Sometimes, it is all too much. There is too much pain and death and hurt. Too many places torn apart by violence. Too many families fleeing for their lives. Too many who are threatened because of the color of their skin, who they are, who they love. There is too much for one person to handle, too much to take on.

Right now, all I can do is silently cry and pray for the world as I listen to a friend play Faure's Pie Jesu on his trumpet, while stroking the soft ears of my dog, who really doesn't know what is going on but knows that I am sad.

At times like this, I turn to music. I love to sing but at times like this, I can't always sing out loud.
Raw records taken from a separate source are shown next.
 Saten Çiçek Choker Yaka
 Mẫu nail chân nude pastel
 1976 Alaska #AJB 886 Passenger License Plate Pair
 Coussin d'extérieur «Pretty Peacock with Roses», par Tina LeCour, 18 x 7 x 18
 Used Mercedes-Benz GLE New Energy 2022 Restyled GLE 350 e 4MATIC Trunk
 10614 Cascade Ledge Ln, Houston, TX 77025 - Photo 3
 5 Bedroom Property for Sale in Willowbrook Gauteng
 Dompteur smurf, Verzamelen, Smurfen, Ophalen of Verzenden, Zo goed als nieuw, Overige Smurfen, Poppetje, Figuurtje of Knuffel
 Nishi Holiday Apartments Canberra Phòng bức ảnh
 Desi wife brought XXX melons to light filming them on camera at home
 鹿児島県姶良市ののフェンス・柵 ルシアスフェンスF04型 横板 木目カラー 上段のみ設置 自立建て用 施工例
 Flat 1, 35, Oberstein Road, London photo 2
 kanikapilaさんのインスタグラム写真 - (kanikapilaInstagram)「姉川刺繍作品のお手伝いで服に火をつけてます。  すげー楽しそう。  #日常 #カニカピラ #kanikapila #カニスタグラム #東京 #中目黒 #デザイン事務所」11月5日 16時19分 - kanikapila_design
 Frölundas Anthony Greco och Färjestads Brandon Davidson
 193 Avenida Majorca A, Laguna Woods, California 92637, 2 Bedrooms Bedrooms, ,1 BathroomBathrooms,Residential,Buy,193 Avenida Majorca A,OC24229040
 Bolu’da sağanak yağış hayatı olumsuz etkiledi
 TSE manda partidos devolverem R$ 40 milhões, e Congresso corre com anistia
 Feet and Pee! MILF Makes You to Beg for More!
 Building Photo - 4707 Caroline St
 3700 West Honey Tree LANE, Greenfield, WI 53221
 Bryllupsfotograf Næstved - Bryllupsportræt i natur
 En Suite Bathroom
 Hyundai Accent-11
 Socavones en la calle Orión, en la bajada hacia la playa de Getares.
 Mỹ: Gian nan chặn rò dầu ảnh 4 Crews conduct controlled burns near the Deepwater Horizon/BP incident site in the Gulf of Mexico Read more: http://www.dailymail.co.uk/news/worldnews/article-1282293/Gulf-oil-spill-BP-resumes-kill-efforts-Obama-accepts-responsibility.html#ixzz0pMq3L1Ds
The pain and emotion becomes too much and I choke on the grief and the tears. I have to settle to listening to others express my feelings and singing the words in my heart.

That is not to say that I am silenced. No, it is merely a pause before I come in, stronger than before. It is singing into the rest. It is an energized rest. And while I rest, others are singing, praying, doing, waiting for me to join them.

So, what is my next note, my next phrase? Well, as Anne Lamott wrote today, I'll do the next right thing. I'll clean my home, I'll finish my gift for the newest baby in our family. I'll listen to Lauridsen's Lux Aeterna, I'll pickup litter in my neighborhood and help clear a storm drain. I'll send what support I can to those helping refugees, I'll pray for friends going through difficult times and pray for Paris and Lebanon and Syria and those affected by earthquakes in Japan. I'll pray for peace, for the whole world. I'll walk my dog, I'll breathe into the rest and I'll come back in, singing.